Réexamen du programme d'études anglais à l'université

Grâce à de nombreux courriels, aux médias sociaux et à des conversations franches l'été dernier, nous avons entendu nos étudiants actuels et leurs parents, le corps enseignant, le personnel et les anciens élèves parler de la nécessité de vérifier et de modifier la culture et le programme de l'école. Lisez la suite pour voir comment Jhoanna Infante, directrice du département d'anglais, a collaboré avec ses collègues enseignants pour revoir et ajuster le programme d'études anglais.

Q: How has the English department responded to the recent call for changes to its curriculum in terms of Equity and Inclusion?
 
JHOANNA: Most teachers in the English Department followed the @blackatcollegeprep Instagram site days after its creation this summer, absorbing the collected stories and paying particular attention to ones that involved English classes.

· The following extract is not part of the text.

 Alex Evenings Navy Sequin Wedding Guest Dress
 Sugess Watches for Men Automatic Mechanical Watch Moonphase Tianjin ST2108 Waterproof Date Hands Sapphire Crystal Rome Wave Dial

We made significant changes to the  English I fall curriculum and the year-long English II curriculum that include the following: Rather than centering on The Odyssey in the fall, as the School had done since its founding, the English I team will teach short stories and poems from a multi-voiced reader, including stories by Chimamanda Ngozi Adichie, Sherman Alexie, James Baldwin, Toni Cade Bambara, Louise Erdrich, Toni Morrison, Zadie Smith, and Amy Tan. In English II, the team that I teach on, we decided to focus on Black authors in the fall, moving up Nella Larsen's Passing (formerly taught in the spring) and contextualizing that complex novel with essays and poems by Black authors. We decided to drop Fathers and Sons, a nineteenth-century Russian novel we had taught for many years, to make space for a contemporary novel by a woman of color, text still to be decided, for the late spring. That said, it is important to guard against complacency and self-congratulation. We are just beginning this long-term work, which will be driven by empathy, connection, and purpose. Next summer, English teachers will collaborate to redesign the English I and II curriculum, making anti-racism central to the department’s learning goals.
 
Q: In thinking about broadening the content of certain classes, how do you decide which texts to let go of?

JHOANNA: It has taken until now for the English Department to let go of some long-taught texts, which had become beloved (by some, certainly not all) as part of College Prep tradition. I think "decentering" is an important concept, whenever we think about space in a curriculum or space in a room or a conversation. For English II, for example, we teachers can still "love" Fathers and Sons as a novel, allude to it or recommend it as additional reading for our students, but we need to place other narratives at the center, to hear other voices and counter the dominance of white narrative that has been the default of American culture.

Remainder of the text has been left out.